Cleaning up old queries, DAG information, and reports data in a CDP Private Cloud Base deployment using Ambari

The DAS Postgres database stores all the queries that you run from the DAS UI or beeline, and all the data that is used to generate the DAG information and reports. Over a period of time, this can grow in size. To optimize the available capacity, DAS has a cleanup mechanism that, by default, purges all the queries and DAG information older than 30 days and purges old reports after 365 days. However, you can customize the cleanup frequency by adding the cleanup.query-info.interval, and cleanup.report-info.interval configurations, and the Cron expression: cleanup.cron.expression in the das-event-processor.json file from Ambari.
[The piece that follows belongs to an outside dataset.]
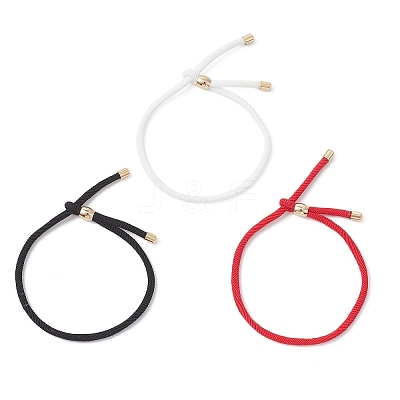 3Pcs Nylon Cord Bracelets for Women Men BJEW-JB12946-1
  1. From the Ambari UI, go to Data Analytics Studio > CONFIGS > Advanced data_analytics_studio-event_processor-properties.
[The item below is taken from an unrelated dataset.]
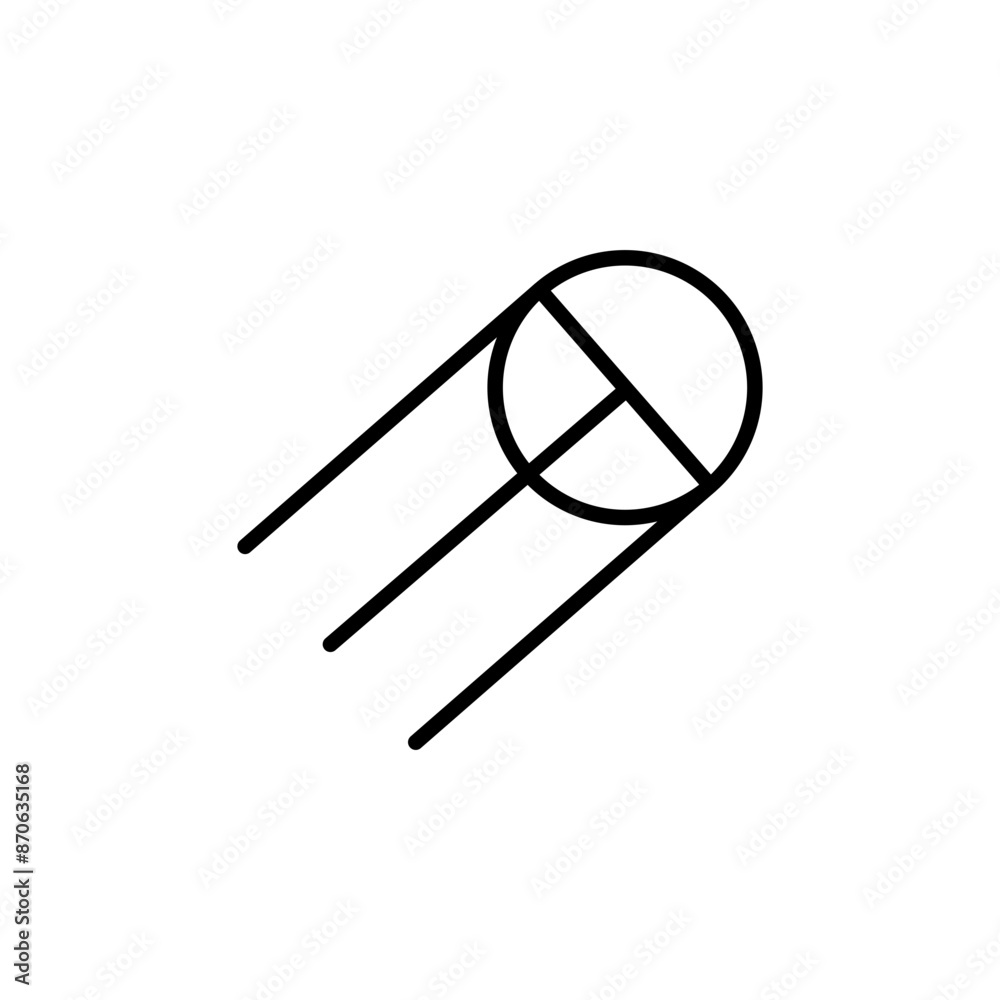 Satellite apparatus logo sign vector outline Satellite apparatus logo sign vector outline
  2. To customize the cleanup intervals, under Data Analytics Studio Event Processor config file template, add the three new configurations in the event-processing section as shown in the following example:
    "event-processing": {
            "hive.hook.proto.base-directory": "{{data_analytics_studio_event_processor_hive_base_dir}}",
            "tez.history.logging.proto-base-dir": "{{data_analytics_studio_event_processor_tez_base_dir}}",
            "meta.info.sync.service.delay.millis": 5000,
            "actor.initialization.delay.millis": 20000,
            "close.folder.delay.millis": 600000,
            "reread.event.max.retries": -1,
            "reporting.scheduler.initial.delay.millis": 30000,
            "reporting.scheduler.interval.delay.millis": 300000,
            "reporting.scheduler.weekly.initial.delay.millis": 60000,
            "reporting.scheduler.weekly.interval.delay.millis": 600000,
            "reporting.scheduler.monthly.initial.delay.millis": 90000,
            "reporting.scheduler.monthly.interval.delay.millis": 900000,
            "reporting.scheduler.quarterly.initial.delay.millis": 120000,
            "reporting.scheduler.quarterly.interval.delay.millis": 1200000,
            “cleanup.query-info.interval”: 2592000,
            “cleanup.report-info.interval”: 31536000,
            “cleanup.cron.expression: "0 0 2 * * ?"
      },
    In this example, the query data will be cleaned up after 2592000 seconds (which is equal to 30 days), the report data will be cleaned up after 31536000 seconds (which is equal to 365 days), and the clean up jobs will be triggered to run at 02:00:00 hours (or 2 AM), as per the server timezone.
  3. Click Save.
  4. Restart all the required services.